WHAT IS REQUIRED: Look for the line containing "Férfi tartó papír" and the line containing "Group of people" in the entries below. Copy those two and all lines between them exactly, leaving out pictures.

MATERIAL SHOWN:
Content starts
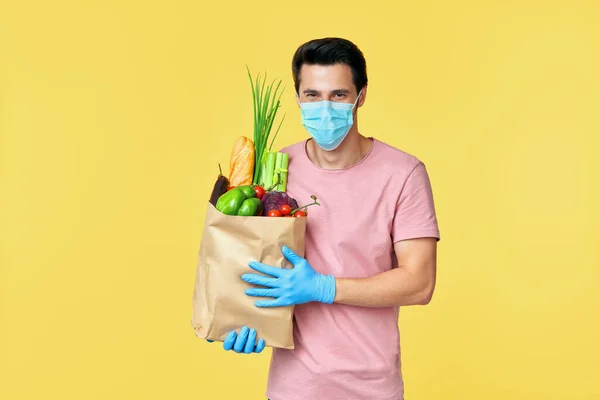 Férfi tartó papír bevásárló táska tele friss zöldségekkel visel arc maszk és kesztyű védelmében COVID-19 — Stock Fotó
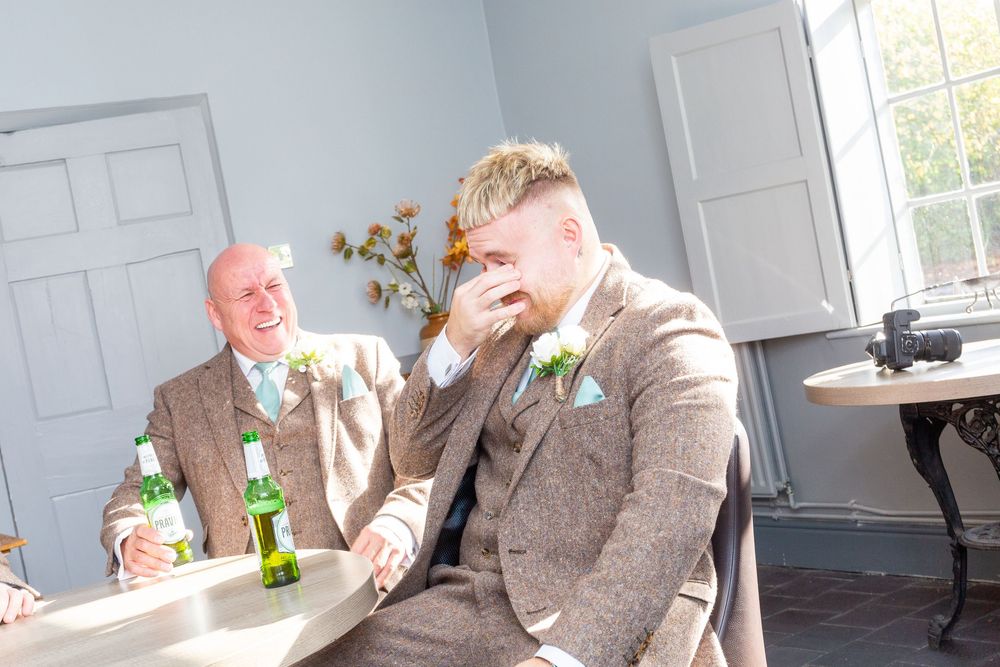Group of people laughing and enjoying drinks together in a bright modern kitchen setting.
Content ends
Content starts
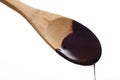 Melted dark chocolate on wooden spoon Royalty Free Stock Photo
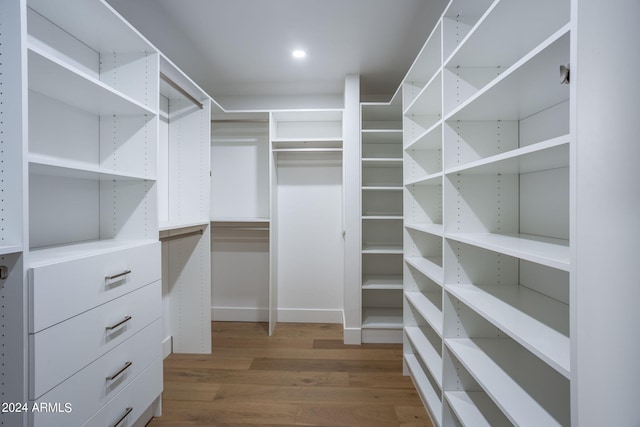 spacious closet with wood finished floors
Content ends
RESULT BELOW:
 Férfi tartó papír bevásárló táska tele friss zöldségekkel visel arc maszk és kesztyű védelmében COVID-19 — Stock Fotó
Group of people laughing and enjoying drinks together in a bright modern kitchen setting.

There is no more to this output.